Page 130 of Vicious Is My Throne

Didn’t mean Corvus wasn’t here.

Because there was such a strange sense of otherness in this room right now, I could hardly even breathe. Something was very wrong. With Zor. With the darkness. With this wet, heavy air that smelled of…thunderstorms and lightning.

Or freshly spent magic.

“Zor?” I reached out, running my hand down his muscled arm, his skin damp to the touch, sweat beaded up all over him. “Zorander, you need to wake up.”

He groaned. Not in pain, but that rough, sleepy grumble of someone pulled out of a deep sleep. Good, he’s not hurting, so that’s something.

“Zorander Vayle,” I said, sharper this time. “Wake up. There’s something wrong.”

Because this close, I could see it wasn’t his spine that was twisted but the flesh of his back, forming two large bulging growths above his shoulder blades, like the bone was about to burst through the skin.

“’Naria, is that you?” he mumbled. “Had such strange dreams. I was flying, and you were flying beside me. We were in the mountains, and the moon was so beautiful.”

“Zor, does anything hurt?” I reached out, hesitated, then touched one of the bumps. Hard and bony, his tan skin stretched so taut over the protrusion I could see there wasn’t one bump, but a cluster of them. “Does this hurt when I touch it?”

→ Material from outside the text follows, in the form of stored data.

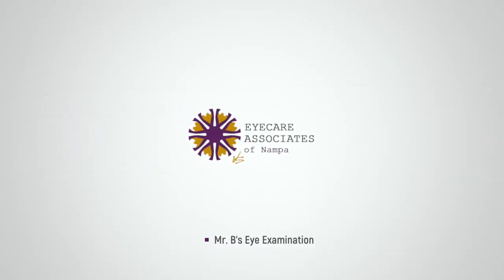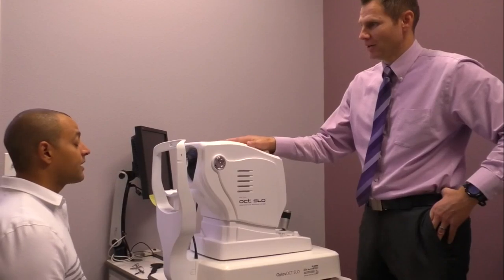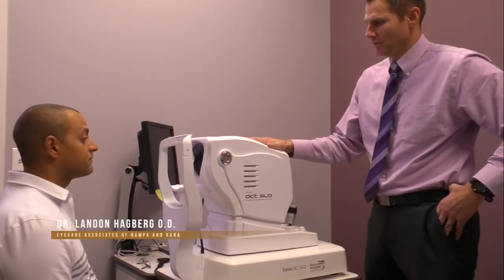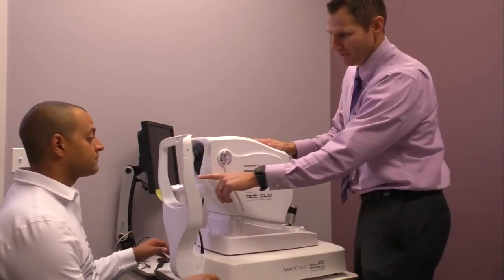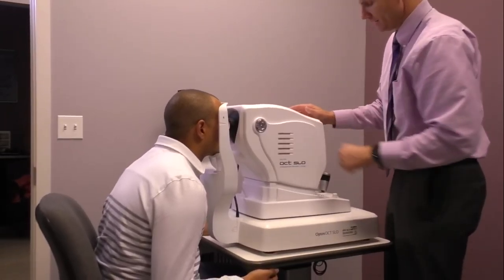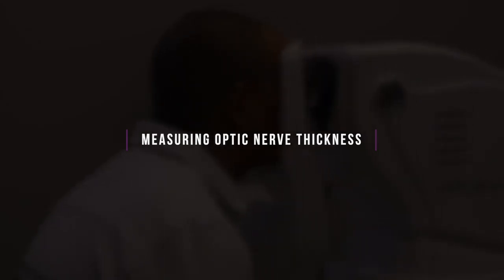Mr. V, we're going to get here just like we do every year to check on the thickness of your optic nerve and make sure nothing's changing. We're just going to repeat this test — go ahead and bring your chin in that chin rest and forehead right against there. We'll start with measuring your right eye first.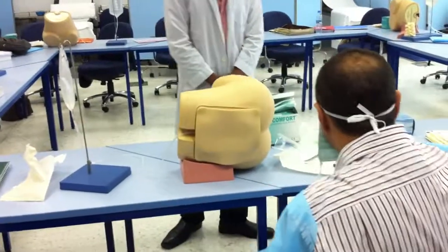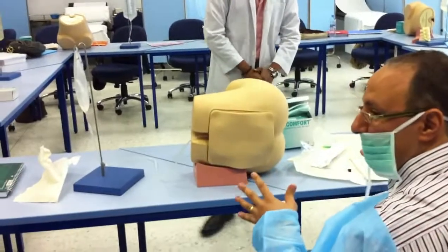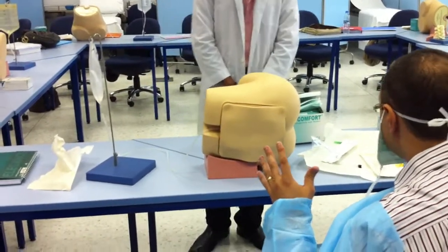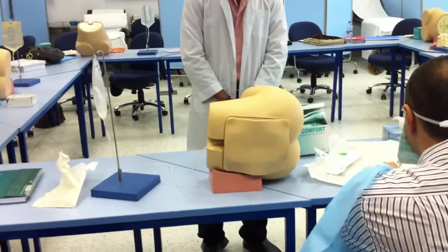For the spinal technique, you have to wash your hands. A complete set of drapes and a complete set of Betadine for sterilization will be with you. You are going to wear the gown, wear the mask, and wear your gloves.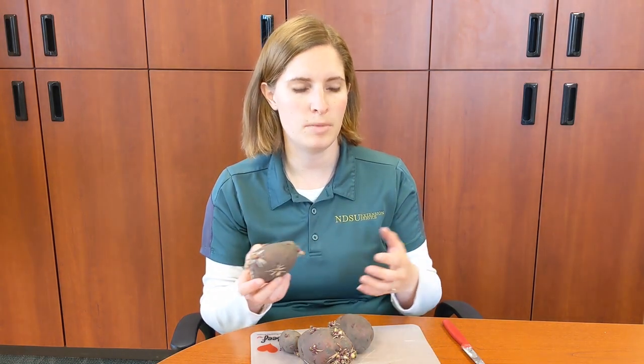Hey everybody! These guys showed up in my grocery store a couple weeks ago, and I just wanted to take a couple minutes today and talk about seed potatoes and what you do before you plant a potato in the ground. Because what you do before can be as important as actually planting them and getting them growing.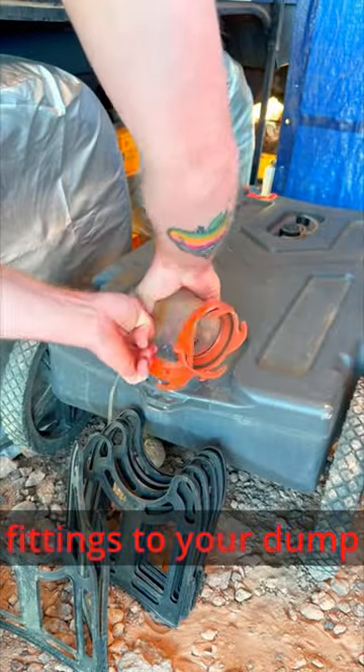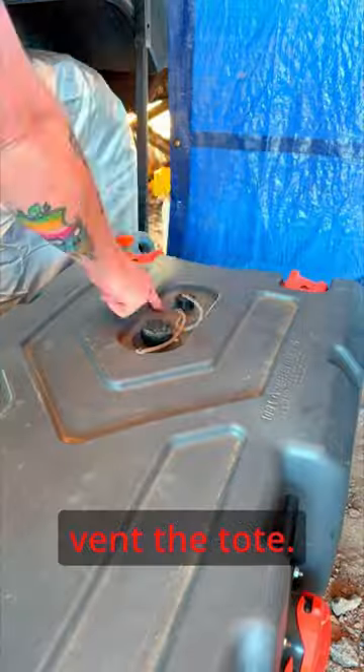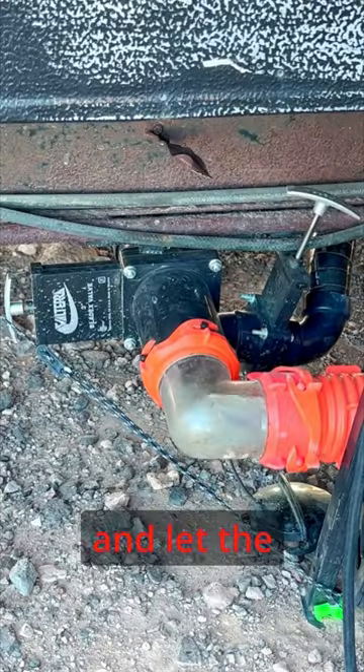Attach any needed fittings to your dump tote, connect your hose, and vent the tote. Open your wastegates and let the dookie flow.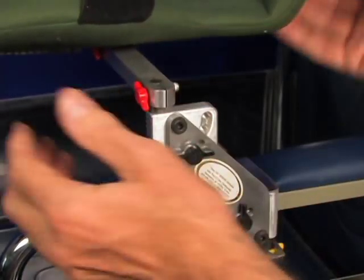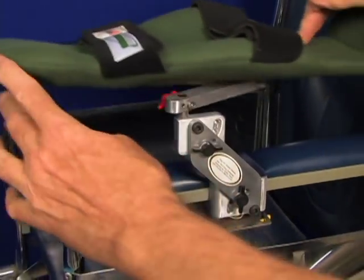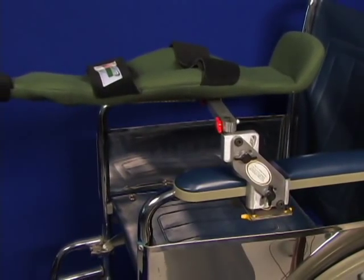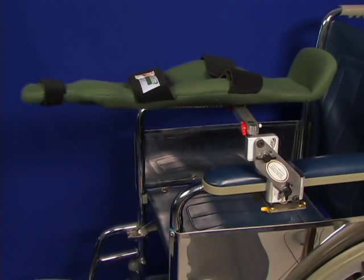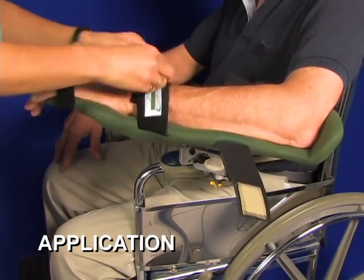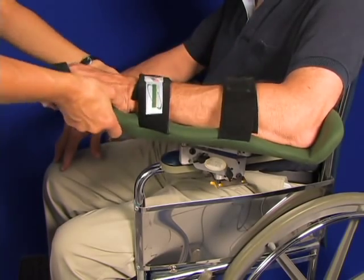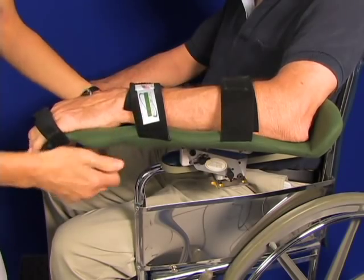The red knob — you can tighten that up and squeeze it to prohibit or slow movement, increasing friction against the user. The back of the arm tray is an elbow stop. Here you can see the arm in the arm tray. You can bend this to accommodate a lot of clinical conditions in the hand — the WHFO.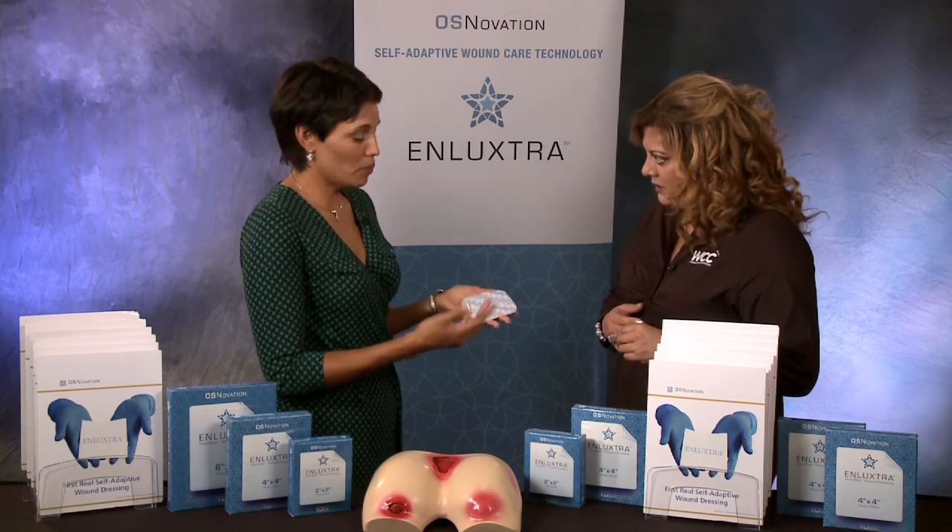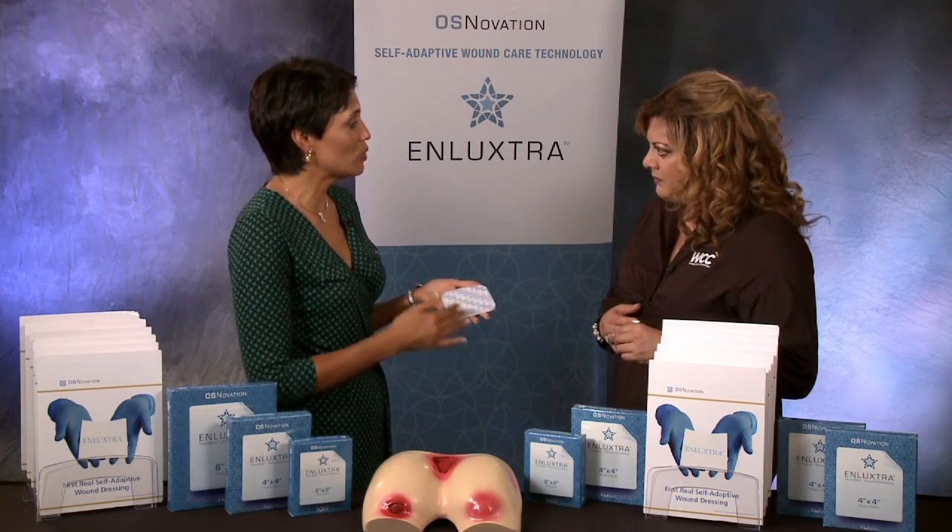An important factor: the drainage won't come through the dressing. Through the backing of this film, it will not get the patient's clothing stained or marked. Well, that's important. Yes, it is.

His skin was hot, hotter than it should have been, like he was burning up from the inside, which would explain the damp sheets, the sweat pouring off him. All this darkness was leaching from him.

Magic, seeping from his pores.

Raziel was going to absolutely kill me for not calling him straightaway, but gods, I wasn’t about to leave Zor alone for a minute, not like this. “No, that itches.” He groaned again, rubbing against my hand with a guttural moan. “Scratch hard, will you? Right there. Yes. That feels better. Raz’s healing always itches like mad.”

“This isn’t…” I flattened my hand, something hard shifting against my palm beneath his clammy skin. I sent out a mental plea to Tavion, to Raz, to anyone who might hear me.

Come up to the bedroom. Now. We have a problem.

“I need you to think, Zor. Did something bite you before we found you, after the wall fell? Or when you crashed into the forest? Were you injured in any way?”

The darkness in the room was choking, saturated with his spicy clove scent, the nipping ozone bite of spent magic, and all this fucking humidity.

“Nothing bit me, and I’m not injured. Raz healed me, remember?” His eyes were hazy, dreamy almost. “Why do you look so worried? I feel good, ’Naria. I’m just tired. So tired I could sleep for a week. Two weeks.” His eyes slid closed, a languid smile curling the corners of his lips.

“No, no, Zor, stay with me. Stay awake.”

Downstairs, footsteps clattered across the marble floor, thundered up the carpeted steps, then raced down the hall. Tavion burst through the door first, weapon in hand, scanning the room for threats.

“Put the knife away. Not that sort of a problem,” I warned him sternly as Raziel and Tristan arrived, scanning the room as thoroughly as Tavion had.

“This is more of a medical sort of emergency.” I shifted so they could see Zorander’s back, and Tavion’s eyes widened. No doubt, with his enhanced sight, he could see in this gloom, but the rest of us couldn’t. I went to the windows and opened the drapes, light flooding the room in time for Bexley to step inside.

But even that sunlight was dimmed, filtered through the shifting shadows of Zorander’s magic choking the room. Water droplets raced down the window and every exhale was a foggy cloud in front of our mouths.

“Gods, that’s bright.” Zor held his hand over his eyes, the smile sliding off his face. “Is that really necessary, Anaria? You ruined a perfectly good?—”

“Shut up and let Raz look at your back,” Tavion muttered. “Why the fuck didn’t you say something last night, you fool?” He scented the air, his nose wrinkling as he detected the same mix of magic and otherworldly power as I had.

Zor’s brow furrowed as he finally seemed to grasp we were all staring down at him with a mixture of fear and horror. “Say anything about what, exactly?” he asked slowly.

“Sit up,” Raz ordered, his hands already coated with healing magic. “Wrap the sheets around you, for fuck’s sake. I have no desire to see you buck naked this morning.”

“Speak for yourself,” I muttered, earning me a saucy smile from Zor that I returned, feeling slightly ill. But as frightened as I was right now, there was no denying Zorander Vayle was a fucking work of art, carved by the gods themselves out of flesh and muscle, the perfect balance of power and lithe strength.

Perfect, except for those things sticking out of his shoulders.

“Stay still,” Raz scolded as he poked at one of the bumps.

“What is your problem? Your healing always itches like a motherfucker,” Zor grumbled, reaching around to scratch…then freezing. “What the fuck is that?”